Series of products by Danish toy manufacturer Lego

Lego Minecraft (stylized as LEGO Minecraft) is a Lego theme based on the sandbox game Minecraft. The theme was first introduced in 2012.

==Overview==
The earlier "Micro World" sets feature a group of four interlocking scenes that can be rearranged, with two having a removable surface with caves containing ores, underground rivers, and a Minecart track, it also includes characters (referred to by Lego as Micromobs) which can be moved around like normal Lego.

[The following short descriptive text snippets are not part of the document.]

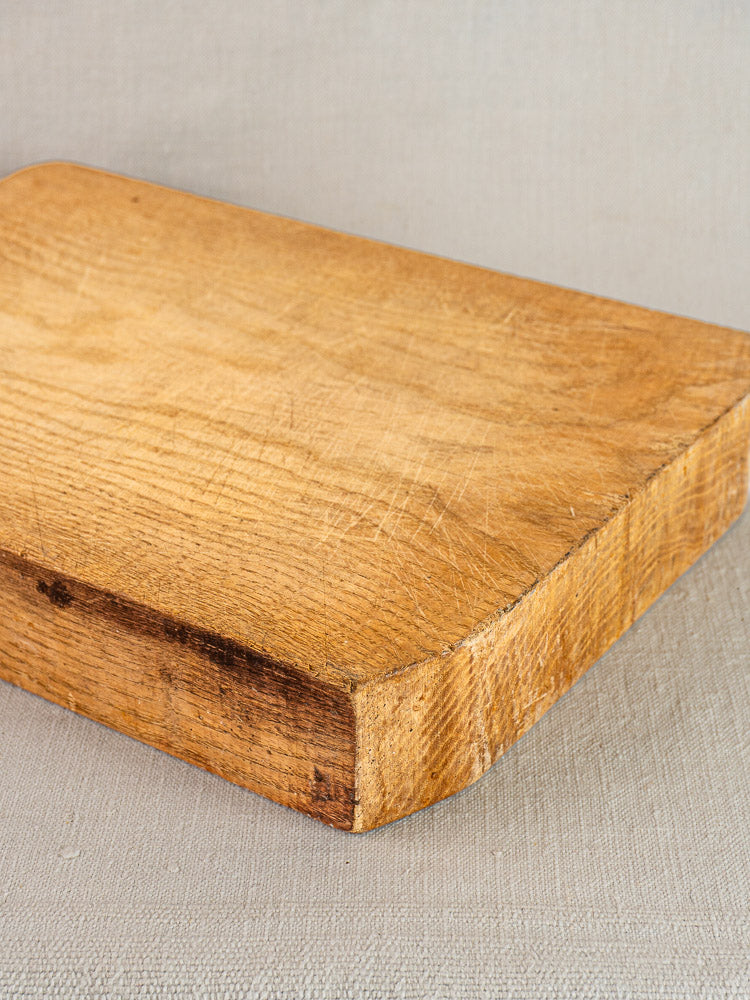 Antique French hand-carved wood cutting board with rounded corners and textured, scratch-marked surface on light fabric.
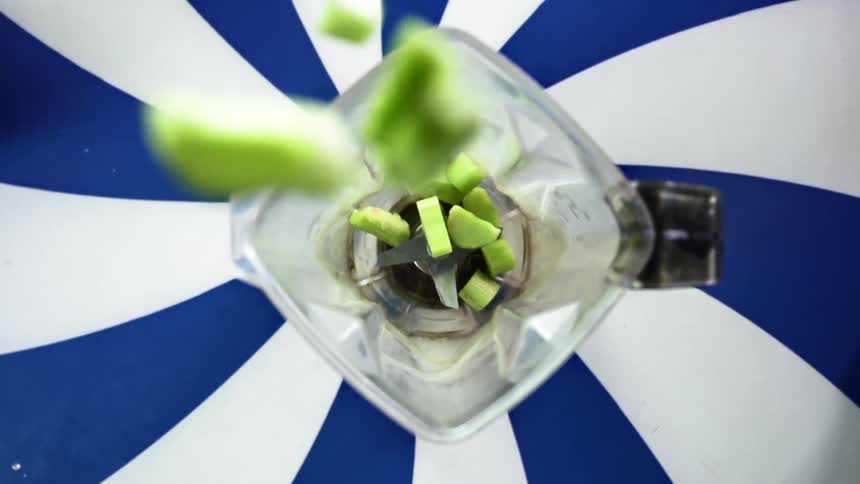 Birds eye view of celery going in to a blender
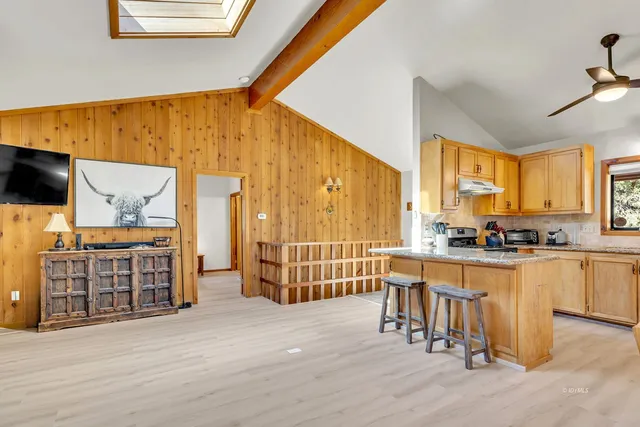a kitchen with sink and window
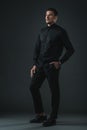 Confident fashionable man posing in black outfit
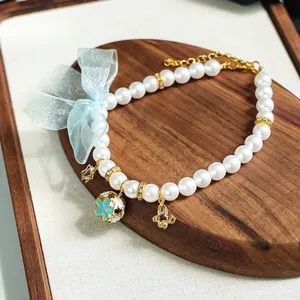 Détail du collier de perles pour animaux avec nœud en organza bleu et sphère florale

The later sets feature brick-built locations with simple pieces (in order to remain faithful to Minecraft's blocky aesthetics), often on base plates raised by bricks, to allow for inter-connectivity with other sets. These sets are all of a minifigure scale, with custom molds for the character heads, tools and certain body parts (for example the Creeper, which consists of primarily a single molded piece for its torso and legs).

==Development==
===Microworlds===
When asked about Lego Minecraft's beginnings, Mojang chief executive officer Carl Manneh stated that "it was one of the first things we talked about when we started Mojang." Mojang started the project on the "Lego Ideas" program, which required ten thousand signatures for the project to be approved. With the strong support of the Minecraft community, the signature objective was achieved within 2 days, and the development of the Lego Minecraft set commenced after Lego reviewed the project. The first Micro-World set was released on June 6, 2012. Portions of the sales proceeds went to a charity of Lego's choosing. On July 17, 2013, it was announced that two additional Micro-World sets would be added to the Minecraft theme based on the "Nether" and "Village" areas of the game. They were first shown at San Diego Comic-Con and released September 1, 2013. The fourth and final Micro-World set exploring "The End" region was released in summer 2014.

===Minifigures===
Minifigure sized Lego sets were then later announced in 2014. The prototypes of Creepers, mine carts, and sheep were all being developed as part of a Co-Build Project announced after Minecon, a fan convention. The initial group of 6 minifigure-scaled sets including the First Night, the Mine, the Ender Dragon, Crafting Box, the Farm and the Cave were released from November to December 2014. As of now, there are 43 Minifig-Scale that have been released with more on the way.

===Bigfigs===
In 2019, Lego introduced Minecraft Bigfigs which are Big brick built figures based on Minecraft mobs similar to Lego Construction figures like Bionicle, Knights Kingdom II, etc. So far there have been five Bigfigs released consisting of Bigfig Steve with Parrot, Bigfig Alex with Chicken, Bigfig Skeleton with Magma Cube, Bigfig Creeper and Ocelot, and Bigfig Pig with Baby Zombie, with a Series 3 unlikely to be released.

==Launch==
Following the released of Minecraft Micro World (set number: 21102) for Lego Cuusoo in 2012, the Lego Minecraft theme revealed at San Diego Comic-Con and was launched in September 2013. As part of a marketing campaign, the Lego Group released two sets based on Minecraft.

==Toy line==
===Construction sets===

According to BrickLink and Brickset, The Lego Group released 177 playsets and promotional polybags as part of the Lego Minecraft theme.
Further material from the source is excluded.